Dans la Gueule d'Ombres
de Yves Heurté

critiqué par Eric Eliès, le 25 septembre 2015
( - 50 ans)


La note:  étoiles
Une poésie très engagée

Quelle poésie après Auschwitz ?

L’innommable dépasse l'imaginable. L’innommable n'est pas poétique. J'ai quand même tenté de me laisser guider dans le sillage d'un Primo Levi, qui osa entrouvrir cette Gueule d'ombre pour témoigner de ce qu'il avait vu et vécu et nous alerter sans trop d'illusions. Un regard lucide sur notre monde nous montre que la bête est toujours proche, qu'elle remue déjà ici et là, si elle ne nous mord pas encore.

Ce recueil d’Yves Heurté est précédé d’une courte préface dans laquelle l’auteur expose sa volonté d’une poésie engagée qui dévoile, avec un haut souci de vérité et sans aucune volonté d’esthétique formelle, les souffrances physiques et morales de la guerre. Cette affirmation d’une inspiration militante (sous-tendue par une devise : ton honneur sera de refuser « pense mais tais-toi » ) peut rebuter car l’idéalisme a souvent engendré des poèmes boursouflés de bons sentiments dont le formalisme esthétisant s’accordait mal avec la réalité crue ou insupportable qu’ils tentaient de décrire et de dénoncer. Yves Heurté parvient à éviter cet écueil car, pour lui qui connut l’expérience de la guerre quand il était encore adolescent pendant l’Occupation et n’eut ensuite de cesse de dénoncer le romantisme malsain qui auréole les valeurs patriotiques et les actes militaires, il ne s’agit pas d’une attitude. Yves Heurté s’est engagé très jeune dans la résistance et il ne vit ni gloire ni héroïsme dans les combats dont il fut témoin ou acteur ; au contraire, la guerre n’est pour lui qu’un long cortège de crimes et de victimes plus ou moins consentantes, plus ou moins innocentes… Yves Heurté, dans des poèmes en vers libres ou des textes de prose à valeur symbolique, épouse tour à tour le point de vue de tous les protagonistes des conflits : hordes de civils en exil, populations déportées, femmes violées, enfants traumatisés, enfants embrigadés, simples soldats combattants ou prisonniers, miliciens ou résistants fusillés, chefs d’armée, etc. dont il brosse des portraits en miroir, qu’ils soient vaincus ou vainqueurs. Il donne même voix, avec une ironie douce-amère, à la colombe de la paix qui, du haut du ciel, assiste aux déchaînements récurrents de la folie sans jamais les comprendre.
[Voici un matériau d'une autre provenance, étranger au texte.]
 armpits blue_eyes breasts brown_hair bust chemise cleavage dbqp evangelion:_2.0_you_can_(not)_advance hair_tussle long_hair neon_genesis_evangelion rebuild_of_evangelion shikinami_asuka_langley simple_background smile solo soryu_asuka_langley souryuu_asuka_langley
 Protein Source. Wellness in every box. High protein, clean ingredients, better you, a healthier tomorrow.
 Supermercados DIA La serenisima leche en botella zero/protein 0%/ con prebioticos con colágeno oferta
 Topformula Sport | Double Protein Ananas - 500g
Moi, racontait la colombe, j’en ai vu passer beaucoup de ces vols d’obus. Combien ? Cela dépendait des saisons. A chacun ses migrations, n’est-ce pas ? Quand ce vol se posait cela faisait beaucoup de fumées en bas. Il en sortait le lendemain une foule de gens qui suivaient une belle charrette noire pleine de fleurs magnifiques.
Ces vols d’obus semblent honorés par tous, mais il est une chose que je n’ai jamais comprise. Après chaque fête, ils se mettaient à dessiner mon portait sur leurs murs, avec un brin d’olivier dans mon bec.
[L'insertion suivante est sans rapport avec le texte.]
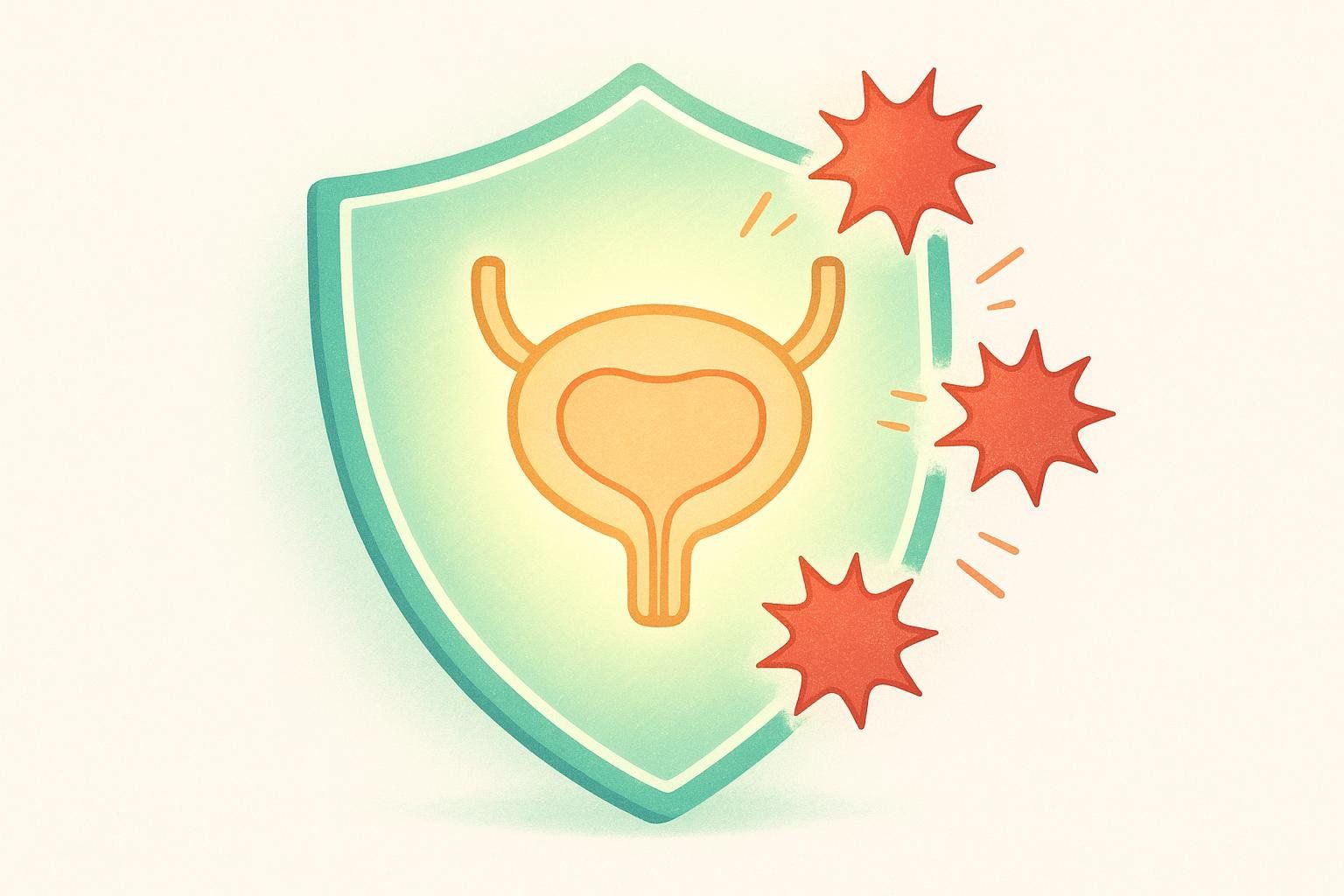 An illustration depicting a light green shield protecting an orange bladder symbol from three red star-shaped bacteria symbols. This symbolizes how probiotics help prevent UTIs by protecting the bladder from harmful bacteria.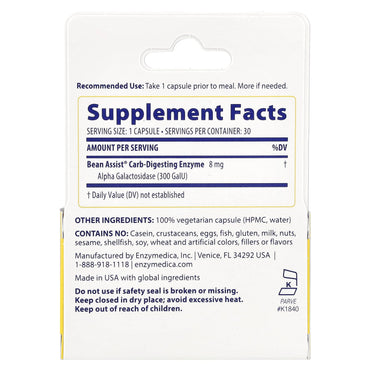 Enzymedica, BeanAssist, 30 Capsules UPC 670480130308 | HiLife Vitamins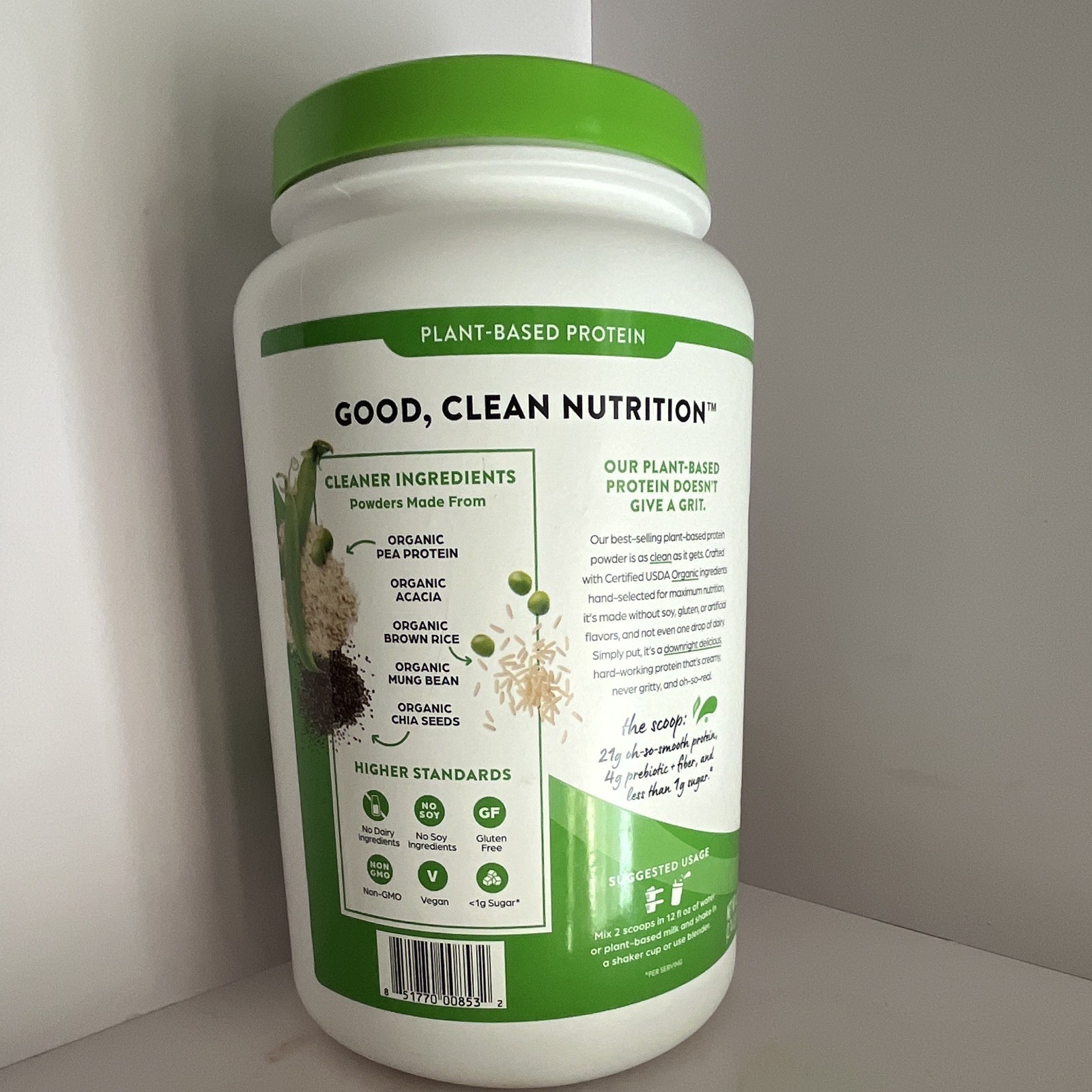 Orgain Organic Plant-Based Protein Powder Vanilla Bean 2.74 lb Vegan Non-GMO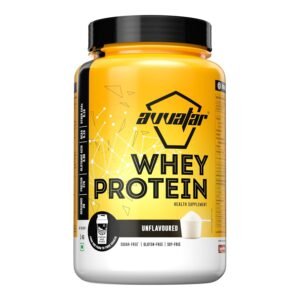 Avvatar Whey Protein | 2Kg | Unflavoured | 27g Protein | 29 Servings | Isolate & Concentrate Blend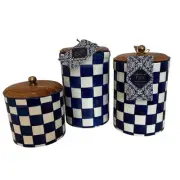 Made in India Blue & White Checkered Canisters Wood Lid Set Of 3 Tiktok Viral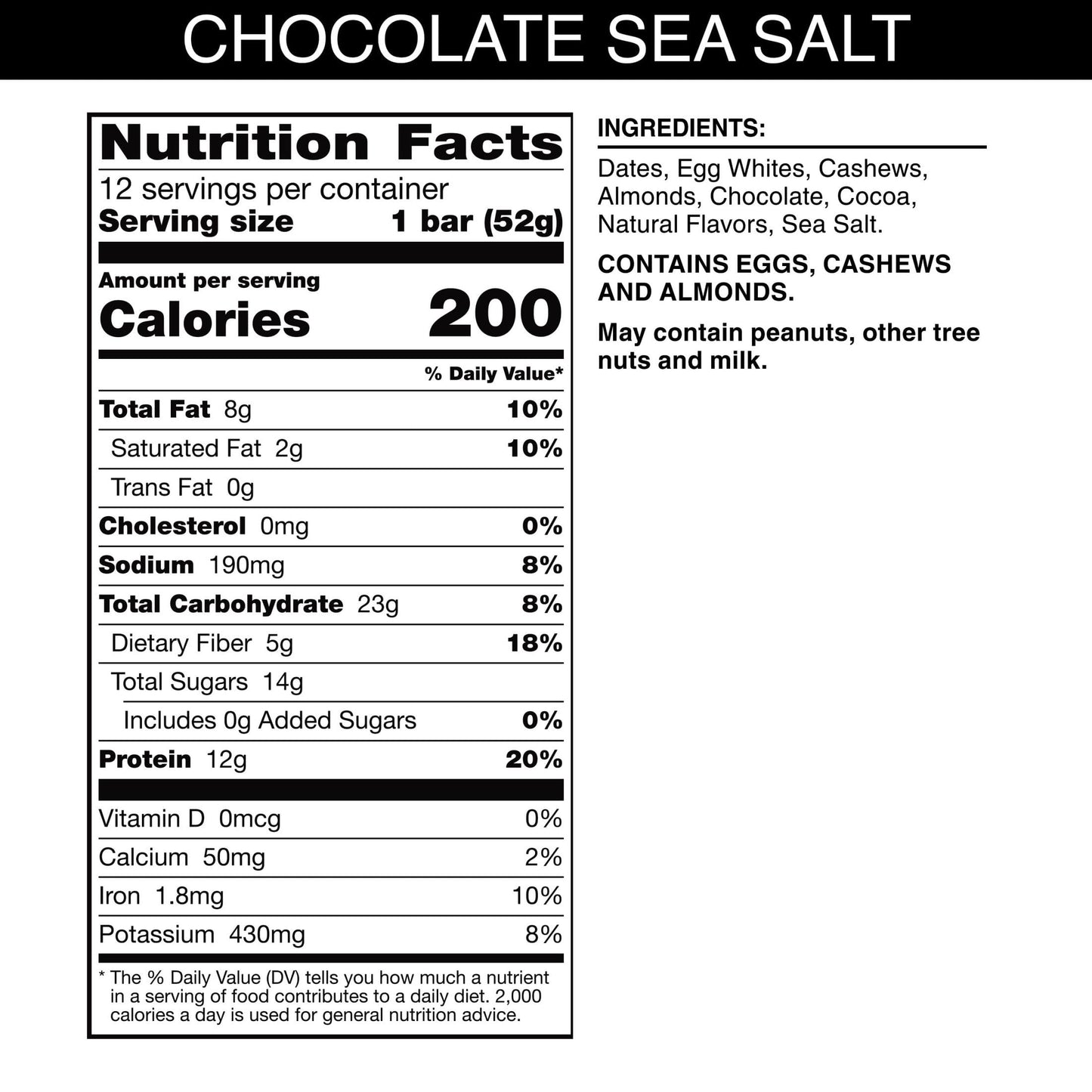 Rxbar Protein Bars, Protein Snack, Snack Bars, Chocolate Sea Salt, 22Oz Box (12 Bars)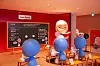The photo zone at the 'Yumi's Cells' exhibition shows Naughty Cell giving a lecture called, 'Yumi is an adult,' explaining how to hold hands and how to kiss. [MEDIA & ART]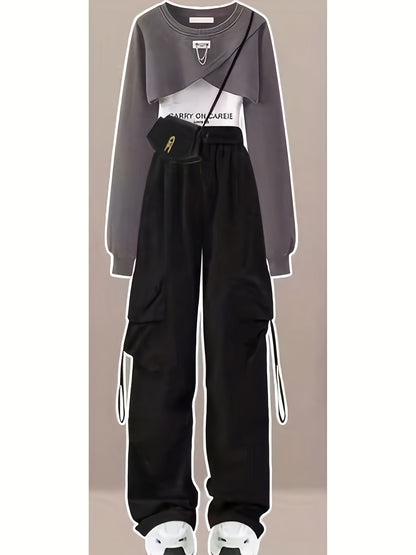 Viral Y2K 3pcs Ensemble | Cropped Hoodie, Cargo Pants, And Tank Top for Women - 2024 American Street Fashion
Le ton est fréquemment véhément (parfois excessivement comme quand il évoque les monuments au « crétin inconnu » construits dans toutes les capitales de tous les pays) mais parvient également à saisir les différentes nuances de l’horreur. Au-delà des souffrances endurées et des traumatismes psychologiques, il accuse la bonne conscience de ceux qui se croient innocents parce qu’ils n’ont fait que servir et obéir aux ordres, aveugles par idéologie ou par nationalisme à la dignité bafouée d’hommes transformés en objet. Yves Heurté ne craint pas de se confronter à l’Holocauste, en évoquant explicitement l’extermination des juifs et en interrogeant la banalité du mal.

Cathédrale au bout d’un rail

Ils le menèrent au lieu de nuit / où les brouillards troussent leurs châles. / On lui dit : « tu feras ce mur. / A toi seul nous le confions. / Il sera ton honneur, bonhomme ! »
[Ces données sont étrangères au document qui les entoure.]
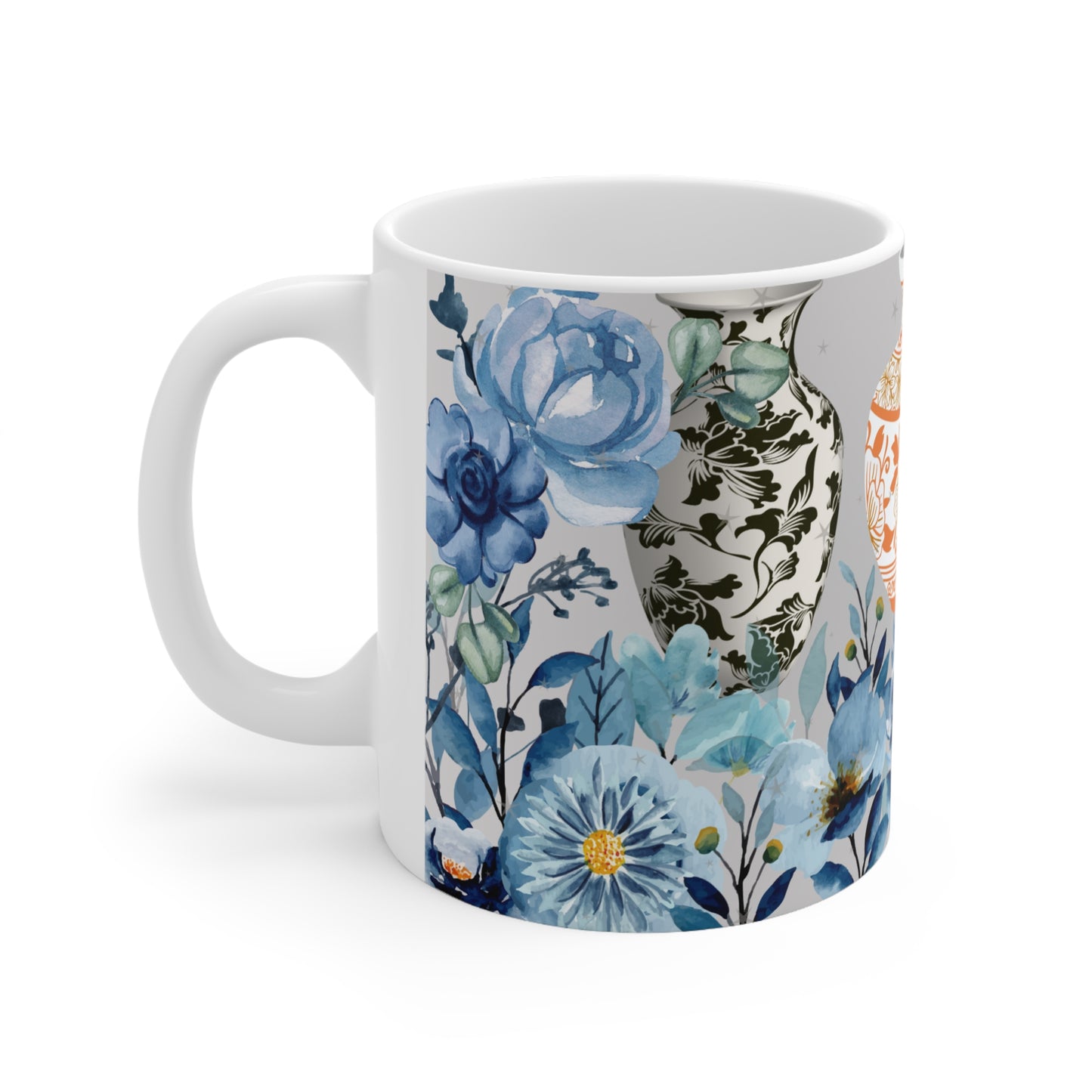 Modern Still Life Scene with Colored China Vases and Blue Flowers Ceramic Mug by ViralDestinations™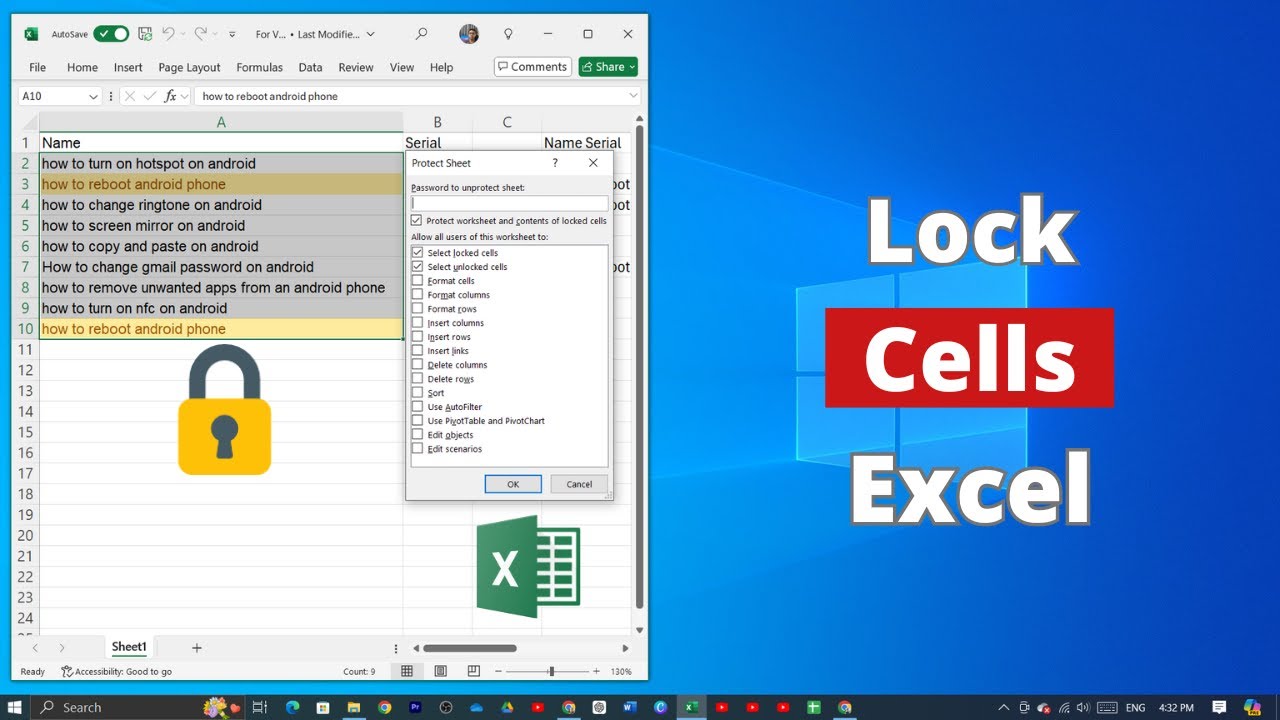 How to Lock Cells on Microsoft Excel - YouTube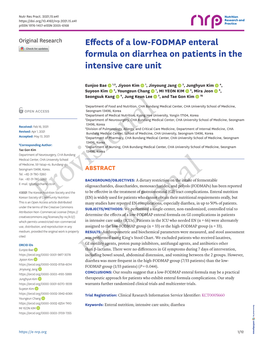 Effects of a Low-FODMAP Enteral Formula on Diarrhea on Patients in the Intensive Care Unit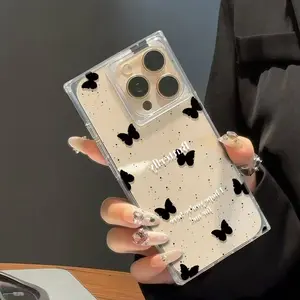 Splash Ink Black Butterfly Square Phone Case for use with iphone 17 air 16 pro max 15 plus 14 pro 13promax 4-Corner Shockproof Y2K phone cases for iphone12/11 XS /XSMAX for women girlish/girly phone case latest viral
Il choisit ses moellons / comme pierres précieuses / et se mit au grand œuvre.

Il l’éleva très haut, / sauf une seule entrée / juste pour un wagon.

Il sut qu’au bout des rails / n’était aucune gare. / Il neigeait de la cendre

après chacun des trains. / Mais vous aurez beau dire, / son mur était parfait.


Certains poèmes ont une résonance très actuelle, tels ceux sur la mémoire des crimes commis (« L'ignoble a dû venir ici jouer aux pendus ou aux fusillés avant que les salves des temps n'en exécutent la mémoire ») ou celui qui décrit la fuite des civils devant la violence des combats et renvoie avec force aux réfugiés qui s’amoncellent dans les camps du HCR ou s’entassent sur des bateaux pour tenter de rejoindre l’Europe

Exode

Les femmes vont, portant enfant / au ventre au bras ou sur la tête, / veuves peut-être, peut-être pas ?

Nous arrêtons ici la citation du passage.